╔══
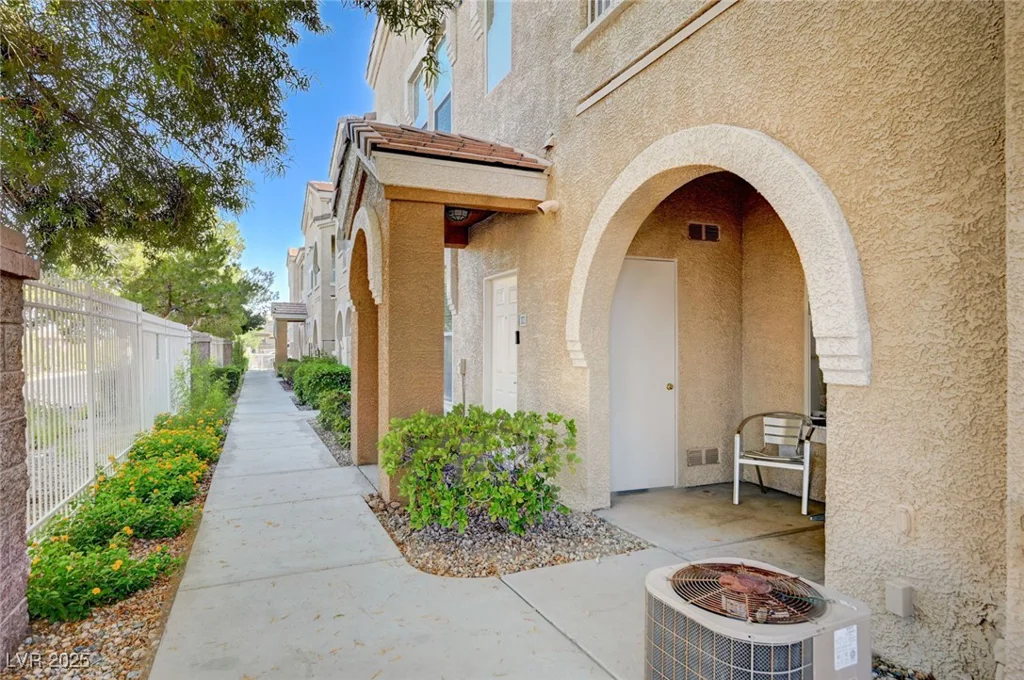 9975 Peace, Las Vegas, NV 89147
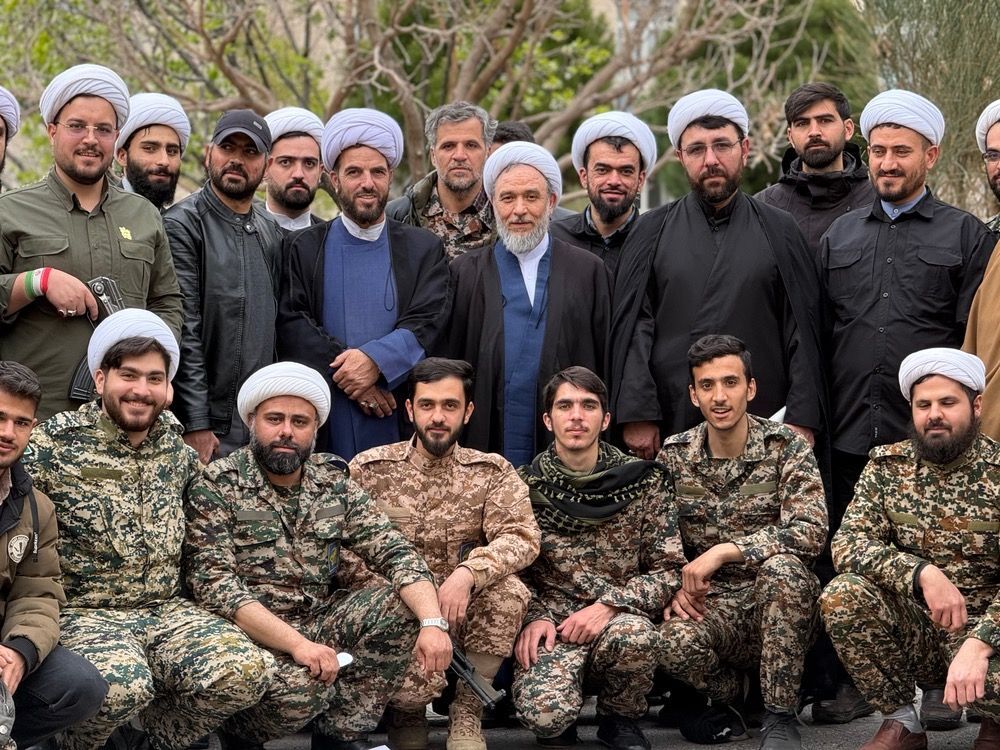 روحیه جهادی طلاب بسیجی، ضامن تداوم مسیر انقلاب است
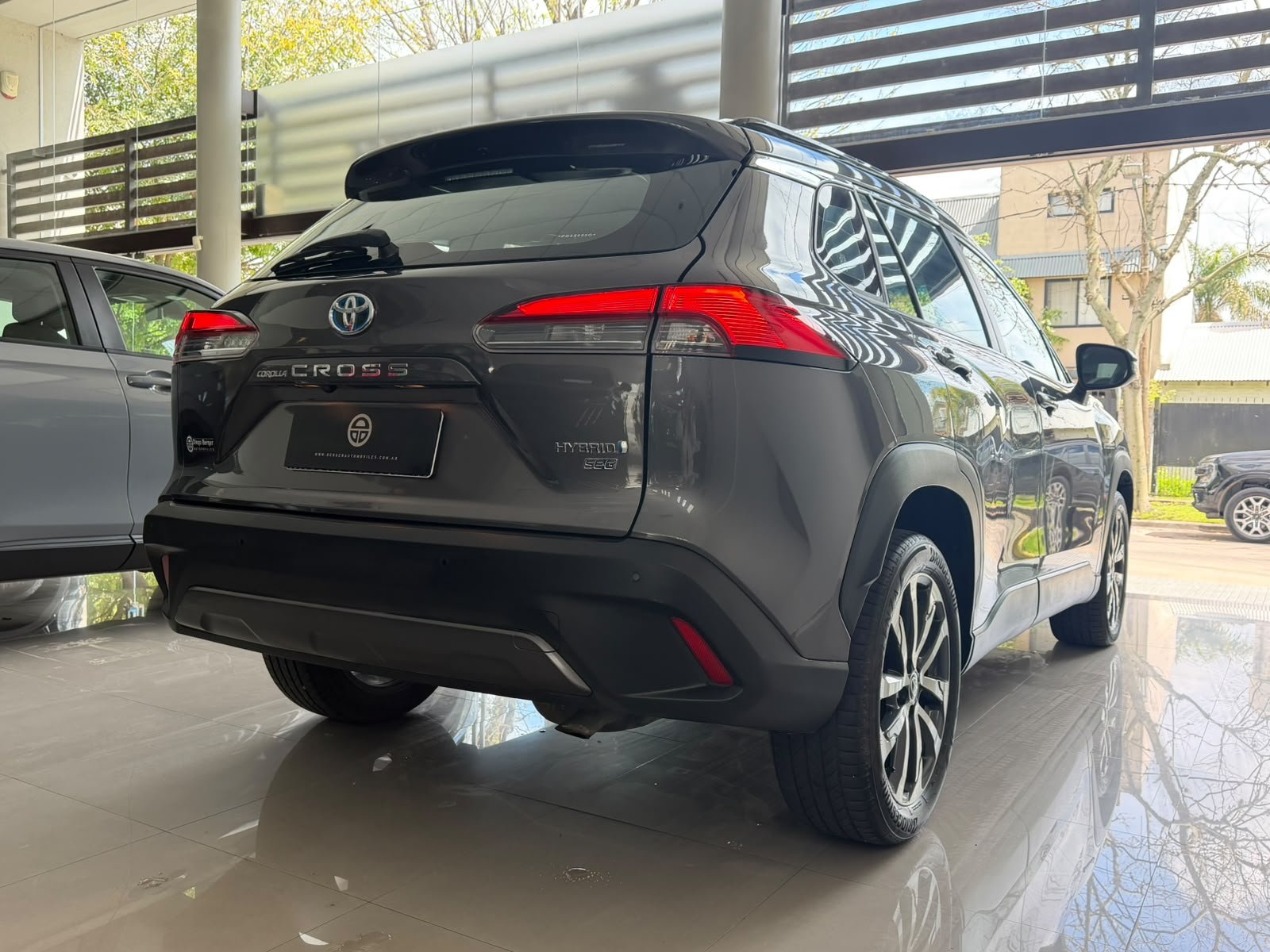 
 TOYOTA CROSS SEG HYBRID 2022 – 27000km full									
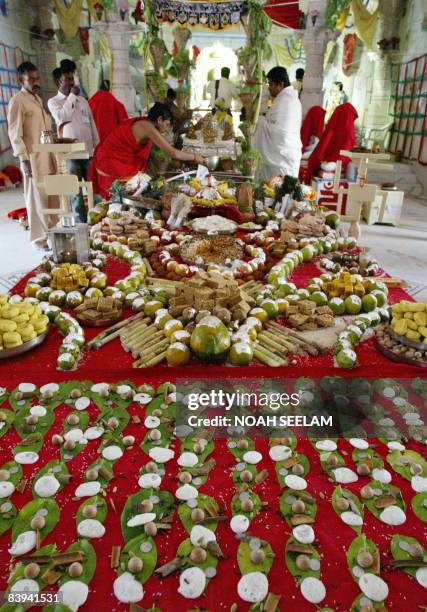 Jainism Rice Ritual Jain Priest Photos and Premium High Res Pictures - Getty Images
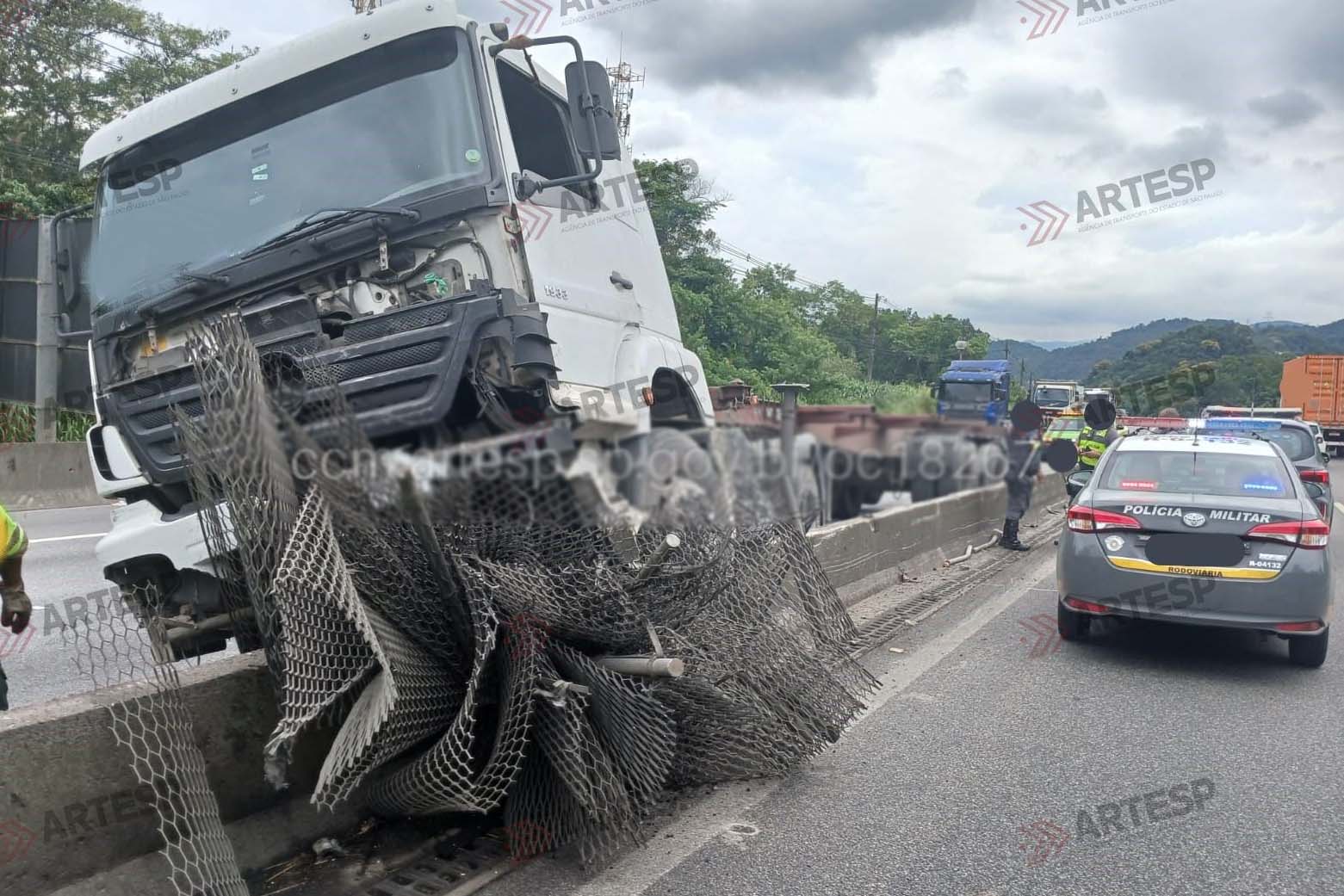 Carreta perde controle e atinge mureta central em rodovia de Santos
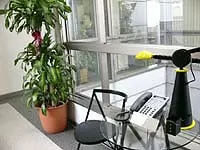 様々な業界のマーケティングに携わり、企業や個人の課題解決のお手伝いをしています。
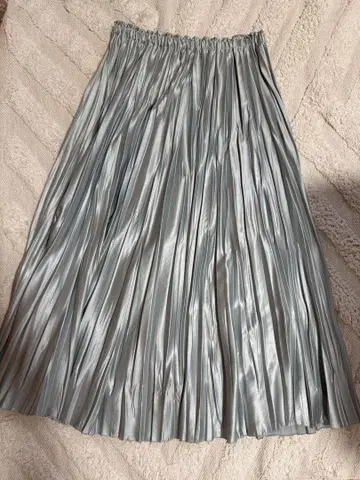 투모 롤랜드플리츠 스커트 새상품급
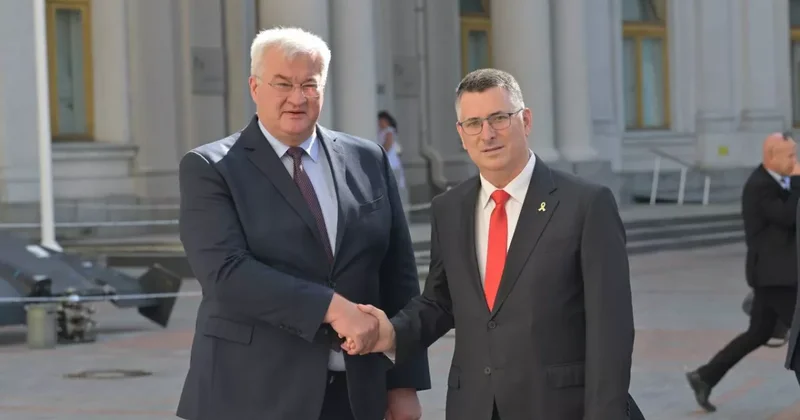 Украина и Израиль обсудили угрозу Ирана и гуманитарную помощь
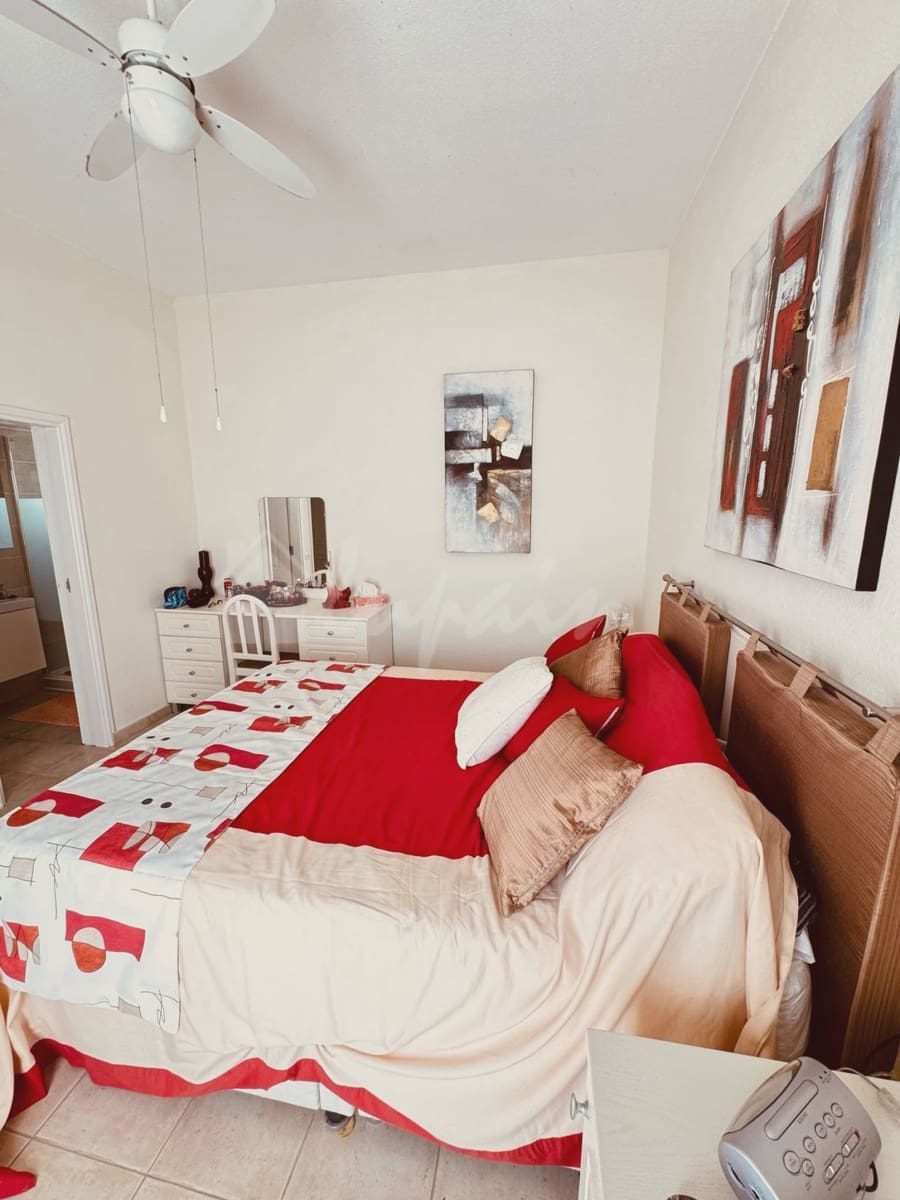 3 soveværelse Penthouse til salg i Los Cristianos med swimmingpool - € 349.900 (Ref: 8863334)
╚══
Each line of the data must be transcribed exactly; pictures are not carried over.

WRITTEN RESPONSE:
 9975 Peace, Las Vegas, NV 89147
 روحیه جهادی طلاب بسیجی، ضامن تداوم مسیر انقلاب است
 TOYOTA CROSS SEG HYBRID 2022 – 27000km full									
 Jainism Rice Ritual Jain Priest Photos and Premium High Res Pictures - Getty Images
 Carreta perde controle e atinge mureta central em rodovia de Santos
 様々な業界のマーケティングに携わり、企業や個人の課題解決のお手伝いをしています。
 투모 롤랜드플리츠 스커트 새상품급
 Украина и Израиль обсудили угрозу Ирана и гуманитарную помощь
 3 soveværelse Penthouse til salg i Los Cristianos med swimmingpool - € 349.900 (Ref: 8863334)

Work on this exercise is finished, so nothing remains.